Il paraît que pour résoudre un système de n équations à n inconnues, il est fortement recommandé de former un système équivalent comprenant une équation à n inconnues et (n-1) équations à (n-1) inconnues, en éliminant une inconnue entre les n équations du système. C'est assez hermétique, il faut le dire, pour nous, communs des mortels, mais supposons qu'un superhéros mathématicien, plusieurs fois médaillé Fields, veuille s'amuser à résoudre l'équation Liban– sachant qu'en 2017, cette équation comporte un nombre astronomique d'inconnues...

Ce brave homme devra d'abord se mesurer à l'histoire et à la géographie. Parce que le Liban est doublement maudit par le grand GPS planétaire. Deux vampires se sont amusés, au cours des quatre ou cinq dernières décennies, à essayer de le vider et de son sang et de sa moelle : Israël et la Syrie. Et ils continuent. Et ils continueront.

Ensuite, il se penchera vers le dedans ; il s'attaquera à quelque chose de prime abord insolvable : comment (res)susciter un pays, puis une nation, puis un État Liban. Ces trois inconnues sont particulièrement coriaces. Naturellement.
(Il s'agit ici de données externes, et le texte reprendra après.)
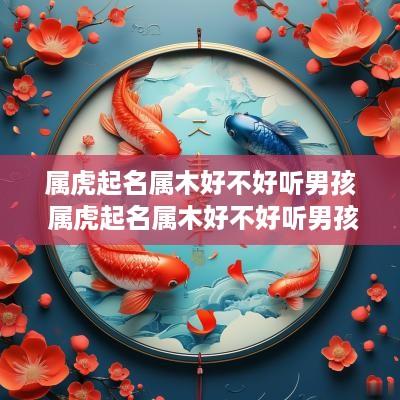 属虎起名属木好不好听男孩 属虎起名属木好不好听男孩名字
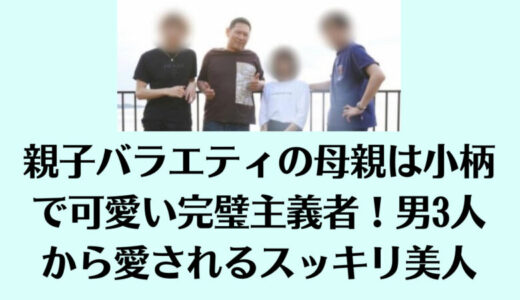 親子バラエティの母親は小柄で可愛い完璧主義者！男3人から愛されるスッキリ美人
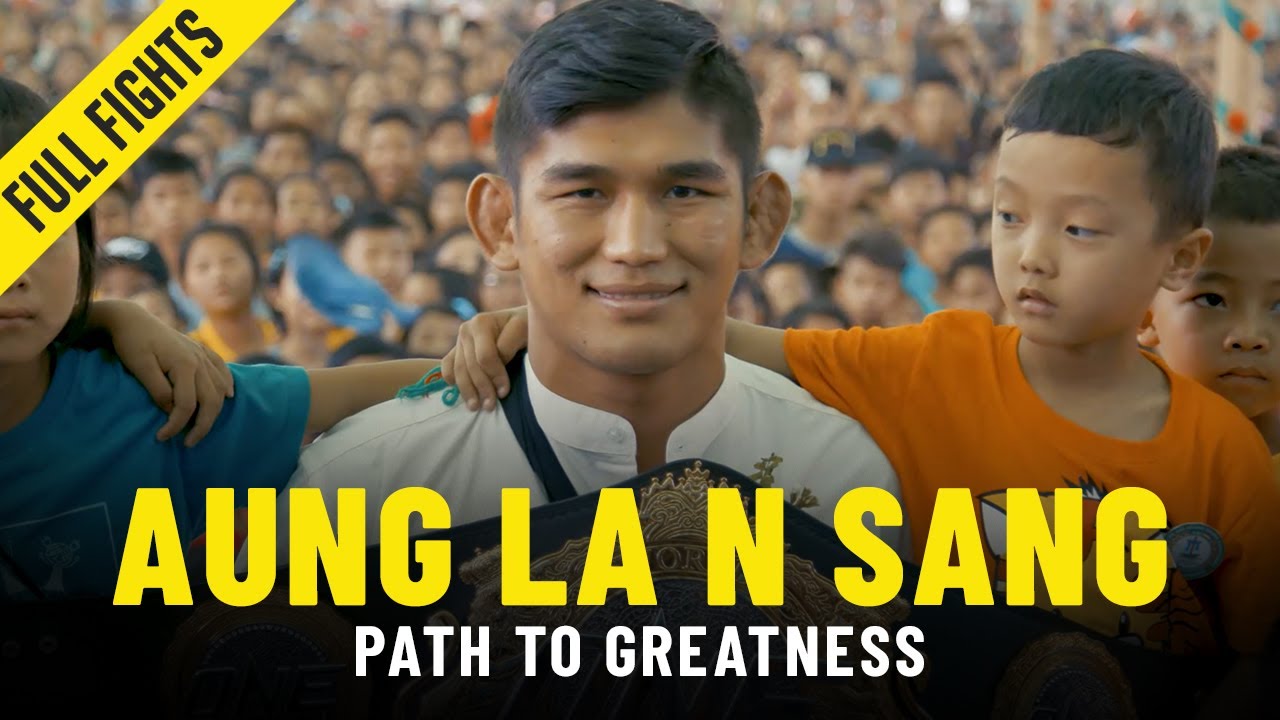 Aung La N Sang’s Path To Greatness | ONE Full Fights & Features
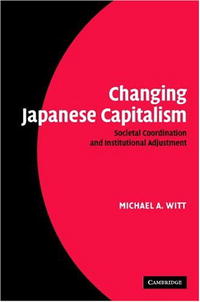 Changing Japanese Capitalism: Societal Coordination and Institutional Adjustment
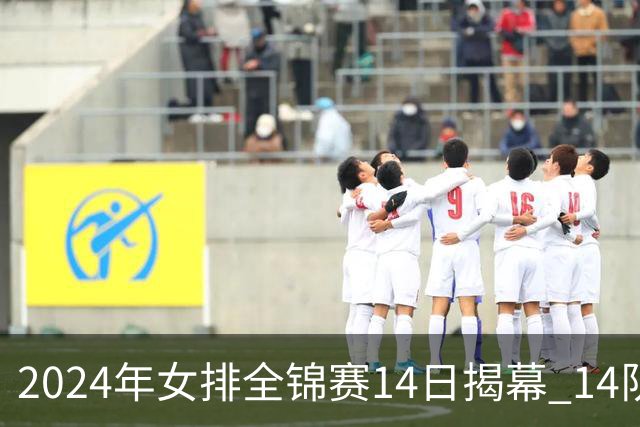2024年女排全锦赛14日揭幕 14队参赛赛制赛程确定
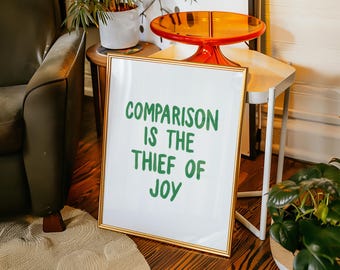 Comparison is the Thief of Joy Wall Art, Green Digital Download, Handwritten Quote, Motivational Quote Print, Inspirational Printable Art
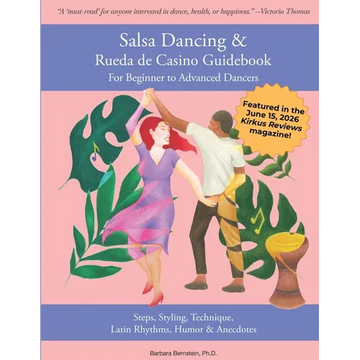 Salsa Dancing & Rueda de Casino Guidebook for Beginner to Advanced Dancers - Paperback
Le pays, d'abord : le territoire Liban, ces 10452 km2 pas tous entièrement souverains, est délimité par des frontières passoires et illusoires, et reste loin de constituer une entité géographique, puisque parsemé d'îlots d'insécurité en tous genres, de bunkers inexpugnables, ou de zones nécessitant, pour une grande partie des Libanais qui souhaitent s'y rendre, ou une sorte de visa, ou de l'inconscience pure, un peu suicidaire.

La nation, ensuite, dont la définition est simple : ensemble des êtres humains vivant dans un même territoire, ayant une communauté d'origine, d'histoire, de culture, de traditions, parfois de langue, et constituant une communauté politique. Sauf qu'au Liban, la réalité tronque la phrase abruptement après le mot territoire – et encore... Parce que dans ce cas, il est impossible d'écrire, d'envisager ou d'appréhender le mot communauté au singulier. Et c'est bien là le drame, pire : la tragédie, des Libanais : ce s de trop. Ce s en trop...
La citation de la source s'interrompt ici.